## EXERCISE DESCRIPTION:
Omit the pictures and return exactly the stretch of the material below from the line with "I've placed the" through the line with "Ready to explore".

## AVAILABLE RECORDS:
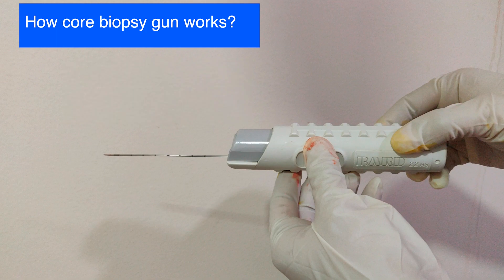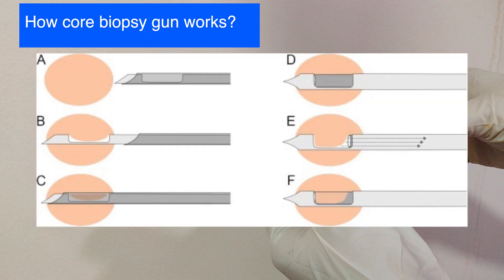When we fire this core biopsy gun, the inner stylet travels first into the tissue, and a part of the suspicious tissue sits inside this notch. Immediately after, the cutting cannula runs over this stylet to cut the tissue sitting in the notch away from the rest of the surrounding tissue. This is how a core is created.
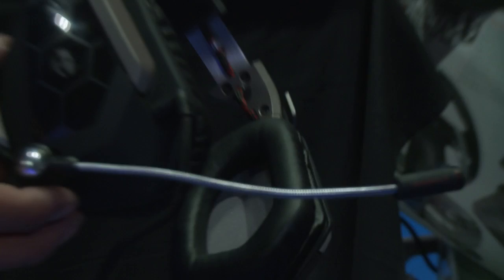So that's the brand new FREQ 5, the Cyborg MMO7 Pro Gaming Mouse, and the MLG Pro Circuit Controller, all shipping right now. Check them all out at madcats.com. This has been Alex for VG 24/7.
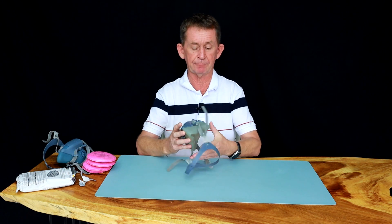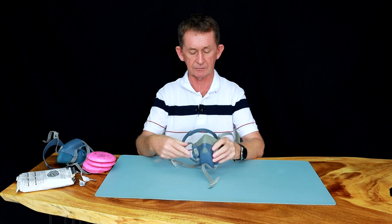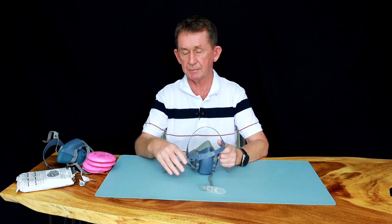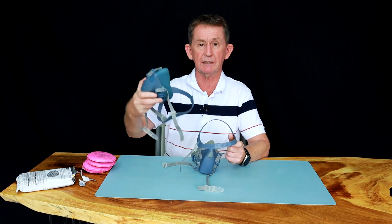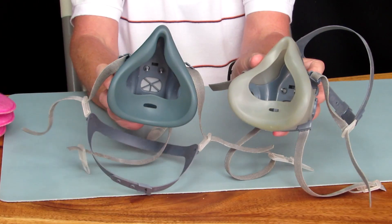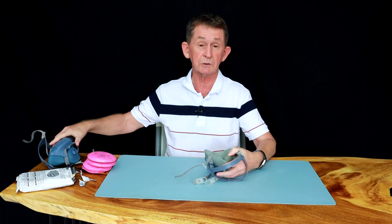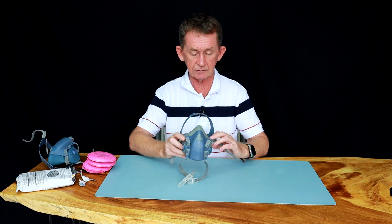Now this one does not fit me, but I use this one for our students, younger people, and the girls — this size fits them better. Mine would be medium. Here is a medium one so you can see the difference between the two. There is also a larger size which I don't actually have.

* * *

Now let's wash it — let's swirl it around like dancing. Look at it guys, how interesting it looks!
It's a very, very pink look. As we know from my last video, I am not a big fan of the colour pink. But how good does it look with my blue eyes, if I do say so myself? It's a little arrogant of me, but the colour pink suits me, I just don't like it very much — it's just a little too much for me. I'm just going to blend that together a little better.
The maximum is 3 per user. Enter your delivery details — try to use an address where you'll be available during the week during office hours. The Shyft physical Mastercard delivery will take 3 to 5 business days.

* * *

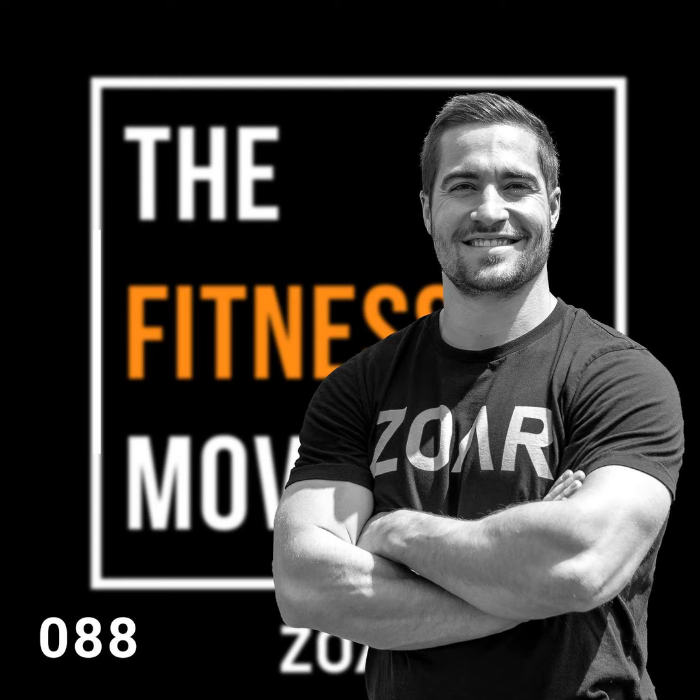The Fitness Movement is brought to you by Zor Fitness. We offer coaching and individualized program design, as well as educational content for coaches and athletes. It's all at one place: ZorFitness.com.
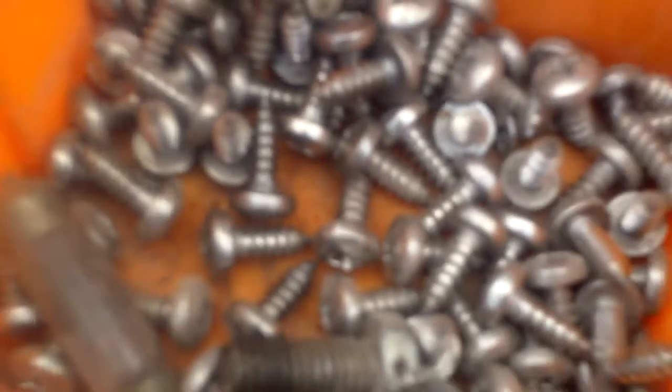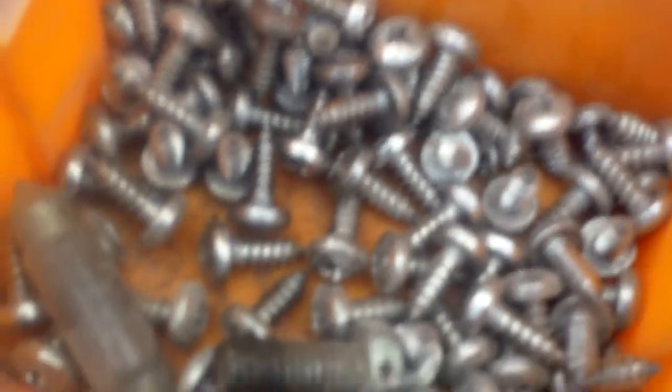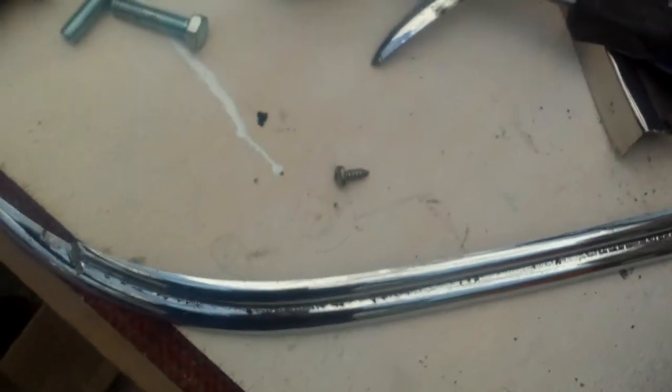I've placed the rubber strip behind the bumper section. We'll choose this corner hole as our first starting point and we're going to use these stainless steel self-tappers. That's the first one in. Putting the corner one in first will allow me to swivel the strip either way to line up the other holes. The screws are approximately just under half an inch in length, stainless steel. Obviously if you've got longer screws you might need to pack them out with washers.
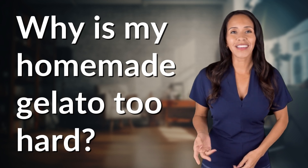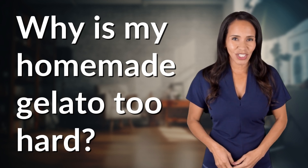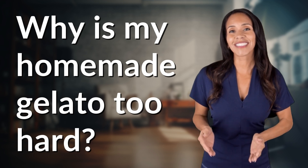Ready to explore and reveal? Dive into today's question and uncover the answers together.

## SOLUTION TO THE PROBLEM:
I've placed the rubber strip behind the bumper section. We'll choose this corner hole as our first starting point and we're going to use these stainless steel self-tappers. That's the first one in. Putting the corner one in first will allow me to swivel the strip either way to line up the other holes. The screws are approximately just under half an inch in length, stainless steel. Obviously if you've got longer screws you might need to pack them out with washers.
Ready to explore and reveal? Dive into today's question and uncover the answers together.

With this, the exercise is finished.